Coleção/ Edição:                    –

Ano de publicação:                 2004

Género literário:                      Novela

Tradução para espanhol:       Lino Novas Calvo

Número de páginas:               112

 

Resumo: O Velho e o Mar, a última grande obra de ficção publicada em vida do autor, é um livro que há muito aguardava na minha mesa de leitura, por variadíssimas razões: o tema, o autor e as recomendações insistentes dos amigos. Creio que nunca li nenhuma novela parecida, tão intensa, com tão poucas personagens e passada quase exclusivamente no mar.

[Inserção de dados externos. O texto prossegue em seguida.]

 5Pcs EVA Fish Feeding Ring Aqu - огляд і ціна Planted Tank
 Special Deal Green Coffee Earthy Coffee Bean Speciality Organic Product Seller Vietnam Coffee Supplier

A maior parte da história é contada como um monólogo, um diálogo com a própria sombra, ou um ruminar de ideias. Hemingway, como muitos dos grandes narradores, foi também moldado pelo jornalismo e pelas experiências vividas e testemunhadas. Por outro lado, sem a sua paixão pela pesca artesanal – e profundo conhecimento – e a permanência em Cuba, por exemplo, esta novela não teria sido escrita nestes termos, tão realistas, tão vistos e sentidos de perto. A estadia em Cuba deu-se após a Segunda Guerra Mundial, na qual o autor foi correspondente de guerra. Hemingway usa uma linguagem sóbria e simples para nos falar dos limites da força e da veemência das obsessões. A narrativa é comovente e acentua a ideia do sucesso extraído de uma abissal derrota.

Mas desengane-se quem pensa que o livro é só o relato de um velho pescador que se fez ao mar, sozinho, para recuperar a sua dignidade e respeito na comunidade, uma vez que a sorte parece tê-lo abandonado. Será isso, mas muitíssimo mais.  É difícil acrescentar algum comentário original sobre uma obra que catapultou o seu autor para o prémio Nobel, em 1954. Já tudo foi dito, desconstruído, interpretado.

Em todo o caso, um dos aspetos mais marcantes é a relação de profunda cumplicidade e amizade que une Santiago, o velho pescador, a Manolín, jovem companheiro de pescarias. No tempo da narração o rapaz não está com ele no mar, mas ampara-o em todas as circunstâncias, alimenta-o, protege-o, encoraja-o a pescar e promove a sua sobrevivência, autoestima e paz de espírito.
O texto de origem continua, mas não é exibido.